● **Work order**
Line by line, the data below should be set down unchanged, with images excluded.

● **Supplied material**
━━━━━━━━━━

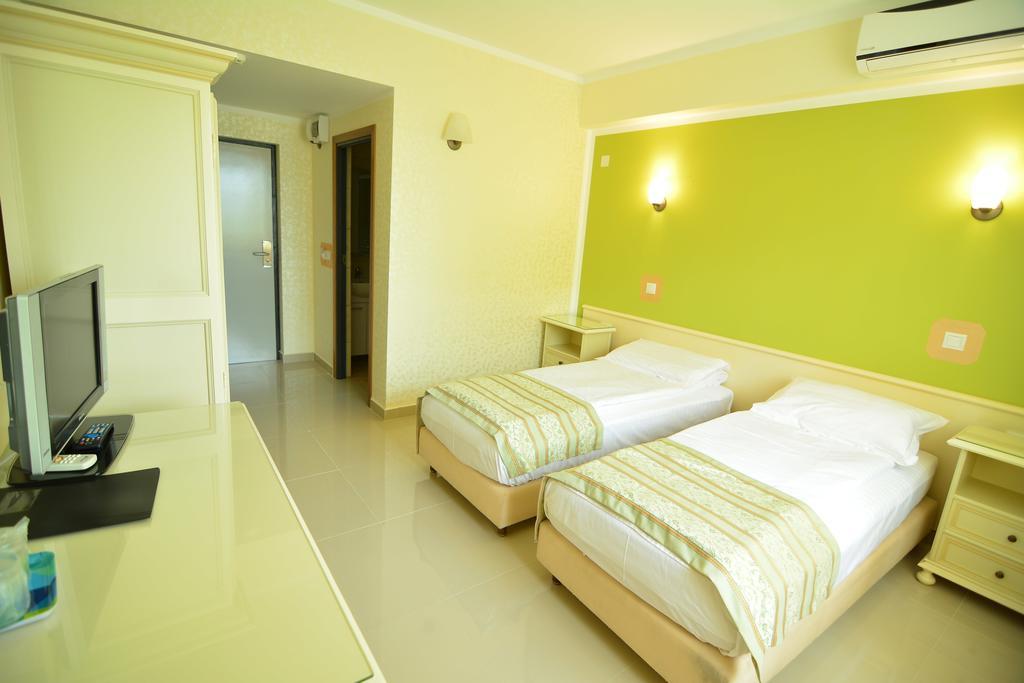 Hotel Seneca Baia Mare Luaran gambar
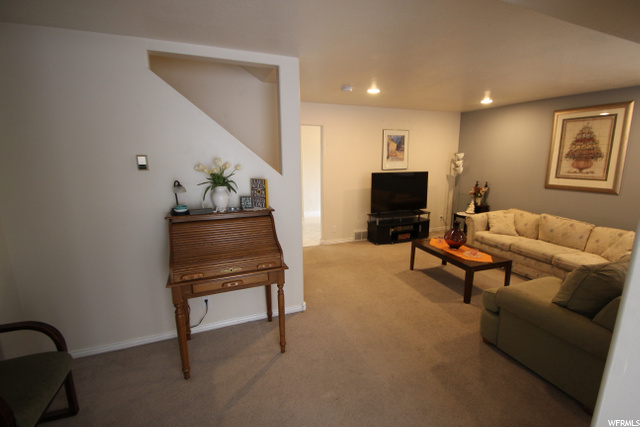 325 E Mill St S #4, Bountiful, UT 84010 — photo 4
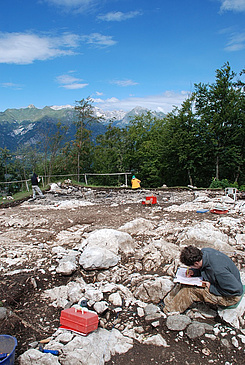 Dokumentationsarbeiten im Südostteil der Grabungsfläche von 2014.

━━━━━━━━━━

● **Written answer**
 Hotel Seneca Baia Mare Luaran gambar
 325 E Mill St S #4, Bountiful, UT 84010 — photo 4
 Dokumentationsarbeiten im Südostteil der Grabungsfläche von 2014.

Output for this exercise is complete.